Task requirements —
Start at the line with "AWE Touring Edition" in the records below, stop at the line with "Broad Arrow Auctions", and return every line in that span exactly, the two end lines included.

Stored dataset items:
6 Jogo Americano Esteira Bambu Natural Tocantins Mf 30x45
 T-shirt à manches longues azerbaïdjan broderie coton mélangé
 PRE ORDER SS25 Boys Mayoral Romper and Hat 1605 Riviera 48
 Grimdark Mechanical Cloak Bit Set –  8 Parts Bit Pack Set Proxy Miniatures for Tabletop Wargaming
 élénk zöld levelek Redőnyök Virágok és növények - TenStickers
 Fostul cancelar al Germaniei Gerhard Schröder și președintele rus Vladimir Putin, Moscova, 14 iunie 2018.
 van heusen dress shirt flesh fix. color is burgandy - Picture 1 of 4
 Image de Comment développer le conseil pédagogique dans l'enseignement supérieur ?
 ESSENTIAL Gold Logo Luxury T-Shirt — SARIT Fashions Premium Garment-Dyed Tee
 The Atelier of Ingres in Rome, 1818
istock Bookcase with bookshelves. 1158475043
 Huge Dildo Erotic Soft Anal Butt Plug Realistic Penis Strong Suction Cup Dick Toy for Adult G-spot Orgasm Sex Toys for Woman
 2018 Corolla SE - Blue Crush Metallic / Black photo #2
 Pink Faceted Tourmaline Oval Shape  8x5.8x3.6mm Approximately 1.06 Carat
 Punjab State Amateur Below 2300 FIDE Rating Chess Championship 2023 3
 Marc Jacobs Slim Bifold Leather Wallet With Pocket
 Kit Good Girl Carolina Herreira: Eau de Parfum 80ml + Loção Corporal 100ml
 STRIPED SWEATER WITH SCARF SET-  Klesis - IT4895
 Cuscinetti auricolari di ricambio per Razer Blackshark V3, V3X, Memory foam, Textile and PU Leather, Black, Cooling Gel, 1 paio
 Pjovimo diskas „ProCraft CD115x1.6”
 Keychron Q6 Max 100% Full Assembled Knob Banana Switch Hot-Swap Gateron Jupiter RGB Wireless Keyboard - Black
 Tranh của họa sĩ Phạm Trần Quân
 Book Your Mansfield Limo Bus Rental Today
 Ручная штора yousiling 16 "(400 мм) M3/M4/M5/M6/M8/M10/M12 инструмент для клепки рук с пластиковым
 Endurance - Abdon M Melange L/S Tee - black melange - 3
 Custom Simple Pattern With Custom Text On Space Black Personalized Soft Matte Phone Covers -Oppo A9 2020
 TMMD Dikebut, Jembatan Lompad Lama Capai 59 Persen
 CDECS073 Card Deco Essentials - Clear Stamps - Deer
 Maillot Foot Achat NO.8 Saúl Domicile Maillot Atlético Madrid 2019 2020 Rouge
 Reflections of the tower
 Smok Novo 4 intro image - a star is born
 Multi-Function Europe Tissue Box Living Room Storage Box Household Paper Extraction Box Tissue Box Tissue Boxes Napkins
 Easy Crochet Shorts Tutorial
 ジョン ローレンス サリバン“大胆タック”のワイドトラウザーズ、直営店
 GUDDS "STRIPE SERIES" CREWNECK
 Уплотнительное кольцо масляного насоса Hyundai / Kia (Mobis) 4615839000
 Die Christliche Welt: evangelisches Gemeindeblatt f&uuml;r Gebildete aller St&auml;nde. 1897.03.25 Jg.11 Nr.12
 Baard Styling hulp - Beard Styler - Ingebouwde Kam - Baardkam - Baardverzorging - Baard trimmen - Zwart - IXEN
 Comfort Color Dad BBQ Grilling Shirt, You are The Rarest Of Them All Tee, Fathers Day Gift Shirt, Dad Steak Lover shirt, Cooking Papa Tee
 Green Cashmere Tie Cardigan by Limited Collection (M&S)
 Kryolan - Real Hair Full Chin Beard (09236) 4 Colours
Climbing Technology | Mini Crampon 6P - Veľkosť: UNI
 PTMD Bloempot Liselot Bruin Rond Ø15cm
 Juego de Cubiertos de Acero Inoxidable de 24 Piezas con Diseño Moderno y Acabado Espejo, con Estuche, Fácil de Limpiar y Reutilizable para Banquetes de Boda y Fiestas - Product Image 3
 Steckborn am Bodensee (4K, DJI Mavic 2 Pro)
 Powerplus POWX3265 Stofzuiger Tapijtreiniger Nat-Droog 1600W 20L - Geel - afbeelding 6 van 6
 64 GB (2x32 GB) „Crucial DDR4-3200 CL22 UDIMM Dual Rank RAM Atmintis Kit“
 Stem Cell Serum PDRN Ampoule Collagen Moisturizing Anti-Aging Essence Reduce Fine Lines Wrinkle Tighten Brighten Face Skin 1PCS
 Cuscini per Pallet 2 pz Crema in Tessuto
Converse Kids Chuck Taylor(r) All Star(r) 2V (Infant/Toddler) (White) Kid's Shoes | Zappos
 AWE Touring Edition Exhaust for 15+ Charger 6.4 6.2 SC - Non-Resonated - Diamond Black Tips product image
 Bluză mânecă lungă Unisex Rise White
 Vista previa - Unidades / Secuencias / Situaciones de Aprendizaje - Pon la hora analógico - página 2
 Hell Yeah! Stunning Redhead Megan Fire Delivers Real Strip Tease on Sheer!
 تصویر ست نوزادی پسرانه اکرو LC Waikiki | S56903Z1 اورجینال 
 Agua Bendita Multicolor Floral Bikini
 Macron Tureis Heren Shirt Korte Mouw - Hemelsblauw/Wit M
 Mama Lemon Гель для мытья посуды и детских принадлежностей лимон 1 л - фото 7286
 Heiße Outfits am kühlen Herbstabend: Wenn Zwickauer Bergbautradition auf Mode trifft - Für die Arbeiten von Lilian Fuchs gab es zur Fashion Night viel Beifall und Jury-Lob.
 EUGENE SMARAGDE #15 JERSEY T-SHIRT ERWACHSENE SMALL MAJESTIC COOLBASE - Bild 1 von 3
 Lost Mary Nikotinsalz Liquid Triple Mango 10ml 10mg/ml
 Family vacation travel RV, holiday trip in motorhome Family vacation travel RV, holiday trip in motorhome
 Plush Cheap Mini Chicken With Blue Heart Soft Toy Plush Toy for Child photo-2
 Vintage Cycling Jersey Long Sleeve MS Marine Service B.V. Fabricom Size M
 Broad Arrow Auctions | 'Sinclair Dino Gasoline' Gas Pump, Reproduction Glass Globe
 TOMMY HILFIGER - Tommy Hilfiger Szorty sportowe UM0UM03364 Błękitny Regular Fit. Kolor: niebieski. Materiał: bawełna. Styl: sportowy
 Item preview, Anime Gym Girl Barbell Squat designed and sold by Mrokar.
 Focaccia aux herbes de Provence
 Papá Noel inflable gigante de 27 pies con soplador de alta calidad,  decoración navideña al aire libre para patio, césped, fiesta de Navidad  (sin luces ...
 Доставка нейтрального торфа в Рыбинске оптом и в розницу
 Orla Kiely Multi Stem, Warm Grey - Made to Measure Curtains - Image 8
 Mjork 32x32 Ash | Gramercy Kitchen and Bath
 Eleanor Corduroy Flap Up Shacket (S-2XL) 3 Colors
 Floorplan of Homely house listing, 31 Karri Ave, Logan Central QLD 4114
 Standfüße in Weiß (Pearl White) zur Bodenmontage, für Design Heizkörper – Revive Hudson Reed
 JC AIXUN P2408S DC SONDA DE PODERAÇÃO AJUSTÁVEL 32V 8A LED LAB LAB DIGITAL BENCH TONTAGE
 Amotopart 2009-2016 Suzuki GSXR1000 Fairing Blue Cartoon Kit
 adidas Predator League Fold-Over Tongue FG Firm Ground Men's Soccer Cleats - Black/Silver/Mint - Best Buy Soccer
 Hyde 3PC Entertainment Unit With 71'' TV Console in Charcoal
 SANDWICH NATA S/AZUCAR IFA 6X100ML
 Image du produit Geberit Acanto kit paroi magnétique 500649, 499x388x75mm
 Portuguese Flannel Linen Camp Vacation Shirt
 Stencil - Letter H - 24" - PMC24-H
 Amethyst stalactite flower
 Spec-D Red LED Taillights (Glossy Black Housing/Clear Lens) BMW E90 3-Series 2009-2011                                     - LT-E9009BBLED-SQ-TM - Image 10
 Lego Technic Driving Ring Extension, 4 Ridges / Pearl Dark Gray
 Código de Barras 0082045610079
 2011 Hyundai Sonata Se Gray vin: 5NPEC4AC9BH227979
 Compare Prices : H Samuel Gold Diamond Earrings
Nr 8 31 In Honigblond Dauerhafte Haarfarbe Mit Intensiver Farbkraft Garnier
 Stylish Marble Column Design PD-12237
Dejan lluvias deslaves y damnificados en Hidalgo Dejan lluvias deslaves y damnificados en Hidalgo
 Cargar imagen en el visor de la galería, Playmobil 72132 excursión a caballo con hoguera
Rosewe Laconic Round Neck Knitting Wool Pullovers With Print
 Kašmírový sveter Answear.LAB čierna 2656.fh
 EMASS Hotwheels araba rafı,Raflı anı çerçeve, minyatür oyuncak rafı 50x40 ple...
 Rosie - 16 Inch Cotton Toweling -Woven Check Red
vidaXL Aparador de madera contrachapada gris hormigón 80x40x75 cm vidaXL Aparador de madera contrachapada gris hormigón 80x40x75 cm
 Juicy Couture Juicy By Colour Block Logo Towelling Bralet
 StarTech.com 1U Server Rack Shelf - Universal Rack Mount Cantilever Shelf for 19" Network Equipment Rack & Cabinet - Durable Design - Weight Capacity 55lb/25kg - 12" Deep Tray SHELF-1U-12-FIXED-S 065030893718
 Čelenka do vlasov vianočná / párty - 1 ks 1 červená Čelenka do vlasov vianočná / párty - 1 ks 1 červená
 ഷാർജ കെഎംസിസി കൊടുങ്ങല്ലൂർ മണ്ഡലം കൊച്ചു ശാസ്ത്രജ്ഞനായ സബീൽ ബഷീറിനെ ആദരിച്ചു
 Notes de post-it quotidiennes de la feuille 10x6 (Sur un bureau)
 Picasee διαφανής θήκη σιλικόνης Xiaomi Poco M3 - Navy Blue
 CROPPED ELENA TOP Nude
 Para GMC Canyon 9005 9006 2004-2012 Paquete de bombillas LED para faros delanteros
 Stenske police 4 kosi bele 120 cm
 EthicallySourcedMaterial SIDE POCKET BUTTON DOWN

Response —
 AWE Touring Edition Exhaust for 15+ Charger 6.4 6.2 SC - Non-Resonated - Diamond Black Tips product image
 Bluză mânecă lungă Unisex Rise White
 Vista previa - Unidades / Secuencias / Situaciones de Aprendizaje - Pon la hora analógico - página 2
 Hell Yeah! Stunning Redhead Megan Fire Delivers Real Strip Tease on Sheer!
 تصویر ست نوزادی پسرانه اکرو LC Waikiki | S56903Z1 اورجینال 
 Agua Bendita Multicolor Floral Bikini
 Macron Tureis Heren Shirt Korte Mouw - Hemelsblauw/Wit M
 Mama Lemon Гель для мытья посуды и детских принадлежностей лимон 1 л - фото 7286
 Heiße Outfits am kühlen Herbstabend: Wenn Zwickauer Bergbautradition auf Mode trifft - Für die Arbeiten von Lilian Fuchs gab es zur Fashion Night viel Beifall und Jury-Lob.
 EUGENE SMARAGDE #15 JERSEY T-SHIRT ERWACHSENE SMALL MAJESTIC COOLBASE - Bild 1 von 3
 Lost Mary Nikotinsalz Liquid Triple Mango 10ml 10mg/ml
 Family vacation travel RV, holiday trip in motorhome Family vacation travel RV, holiday trip in motorhome
 Plush Cheap Mini Chicken With Blue Heart Soft Toy Plush Toy for Child photo-2
 Vintage Cycling Jersey Long Sleeve MS Marine Service B.V. Fabricom Size M
 Broad Arrow Auctions | 'Sinclair Dino Gasoline' Gas Pump, Reproduction Glass Globe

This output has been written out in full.